From right holders to beneficiaries: New handbook raises questions over India’s changing welfare model

Azim Premji University’s new welfare handbook says India’s public systems have expanded, but health, education, nutrition and social security still face deep gaps
Azim Premji University launched Realising Rights: A Handbook of Welfare in India at India Habitat Centre, New Delhi, on June 26, 2026. From left to right: Dipa Sinha, Arjun Jayadev, AK Shiva Kumar, Arti Ahuja, PV Ramesh, Shobhana K Nair, and Rajendran Narayanan.
Azim Premji University launched Realising Rights: A Handbook of Welfare in India at India Habitat Centre, New Delhi, on June 26, 2026. From left to right: Dipa Sinha, Arjun Jayadev, AK Shiva Kumar, Arti Ahuja, PV Ramesh, Shobhana K Nair, and Rajendran Narayanan.Vivek Mishra / DTE
Published on
Listen to this article
Summary
  • Azim Premji University’s new handbook examines how India’s welfare model is shifting from rights-based entitlements towards cash transfers, digital delivery and the language of “beneficiaries”.
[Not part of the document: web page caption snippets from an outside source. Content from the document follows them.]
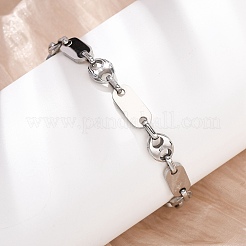 304 Stainless Steel Oval & Pig Nose Shape Link Bracelets for Women&nbsp;BJEW-F527-04P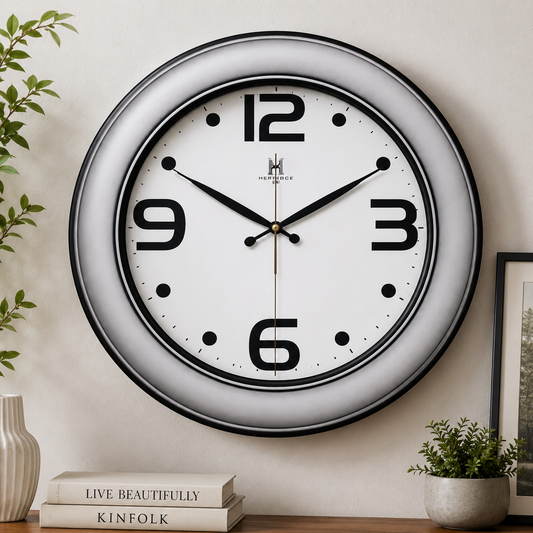 Heritage Wall Clock Dynamite Plain 22’’ – Premium Large Round Analog Wall Clock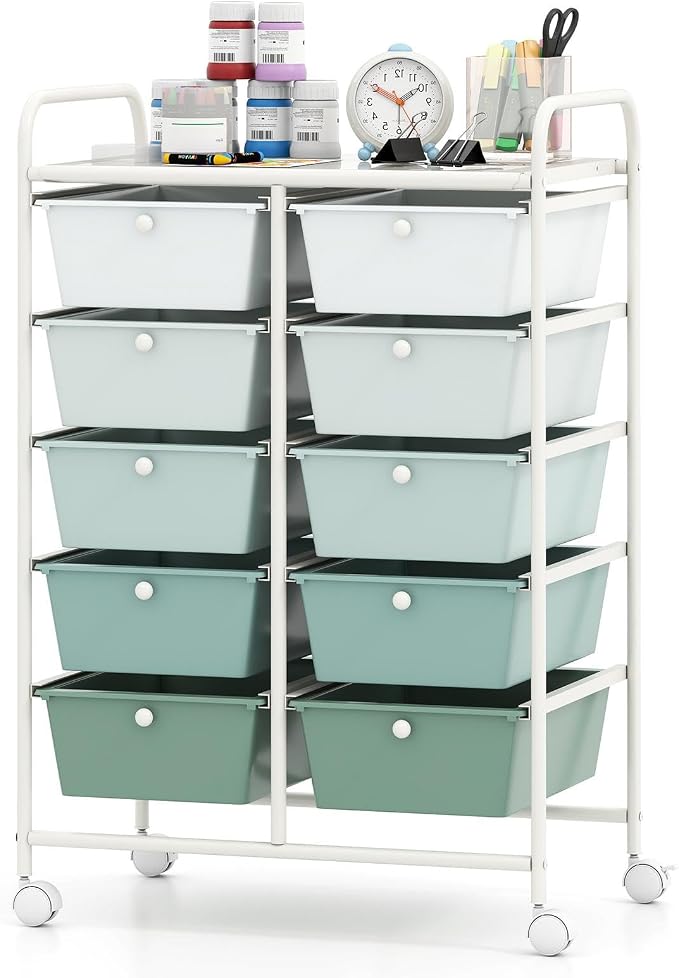 RELAX4LIFE Rolling Storage Cart with 10 Drawers - Craft Storage Cart w/Lockable Wheels, Utility Cart, Art Cart Organizer for School Studio Office Home, Utility Cart on Wheels (Gradient Green) by RELAX4LIFE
  • Speakers at the launch said welfare schemes should be judged not only by delivery numbers, but by dignity, accountability and citizens’ rights.

  • The handbook says public spending on health, education, nutrition and social security remains below policy goals, despite the expansion of welfare schemes.

  • It flags growing exclusion risks linked to Aadhaar verification, e-KYC, weak grievance redressal and the weakening role of local democratic institutions.

India may run one of the world’s largest welfare systems, but access to quality education, healthcare, nutrition and social security remains uneven nearly eight decades after Independence, speakers said at the launch of a new handbook on welfare in India.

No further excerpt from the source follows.